- [Work task]
Find the line below with "上品ピンクベージュ／画像提供：esNAIL". Print it and every line after it exactly, through the last line, leaving out the pictures.

- [The input]
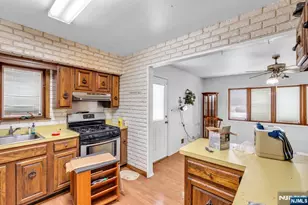 301 S Blvd, Saddle Brook Township, NJ 07663 - Photo 17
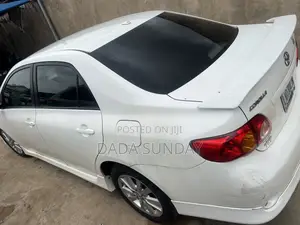 Toyota Corolla 2008 White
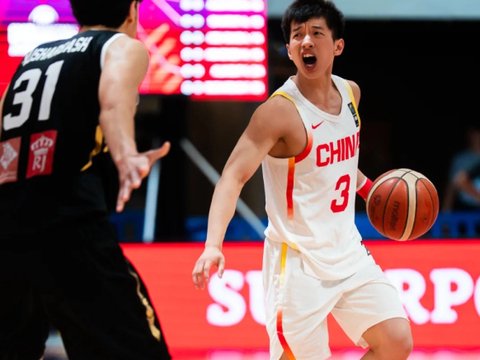 3战轰81分31助！广东20岁天才后卫疯狂崛起，能成下一个徐杰吗？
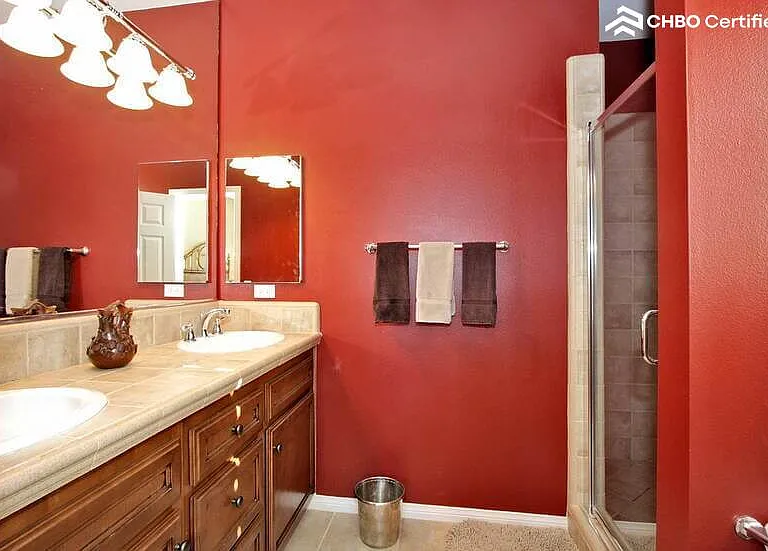 102 Jadestone — Photo 24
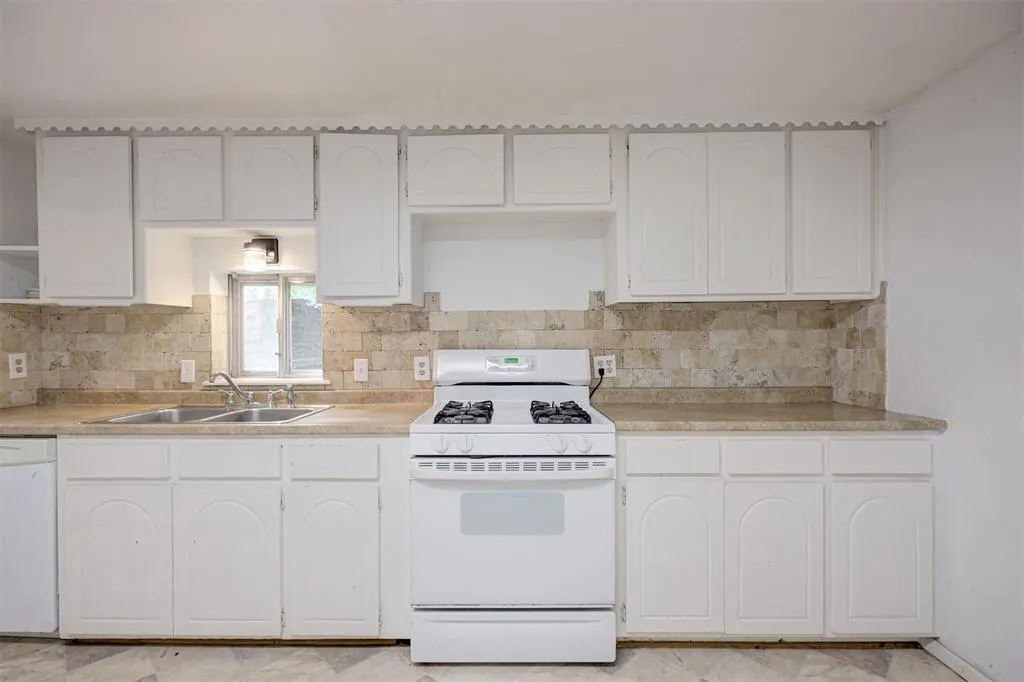 Photo 13 — 1013 N Carr Drive, Newcastle, OK 73065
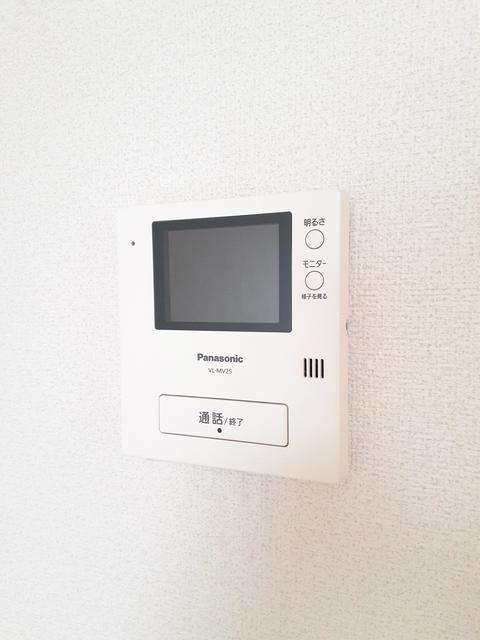 セキュリティ　テレビ付きモニターホン付き。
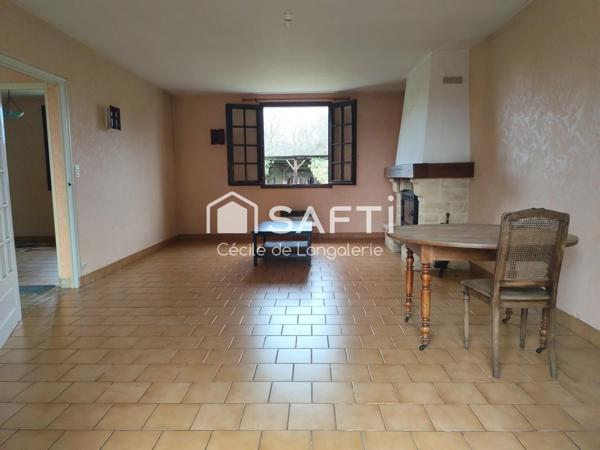 MAISON SUR TERRAIN DE 6829m² ARBORE ET FLEURI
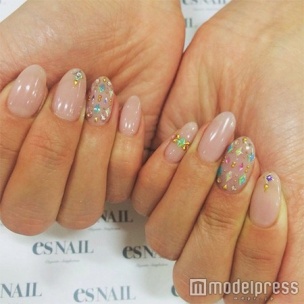 上品ピンクベージュ／画像提供：esNAIL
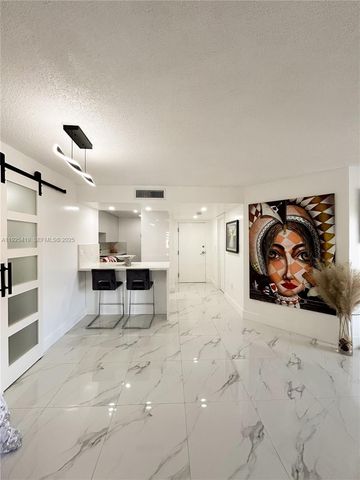 10795 SW 108th Ave 307, Miami, FL 33176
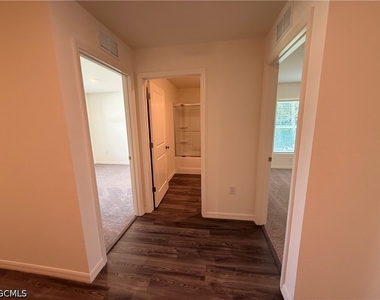 1814 Nw 15th Terrace - Photo Thumbnail 5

- [Response to the task]
 上品ピンクベージュ／画像提供：esNAIL
 10795 SW 108th Ave 307, Miami, FL 33176
 1814 Nw 15th Terrace - Photo Thumbnail 5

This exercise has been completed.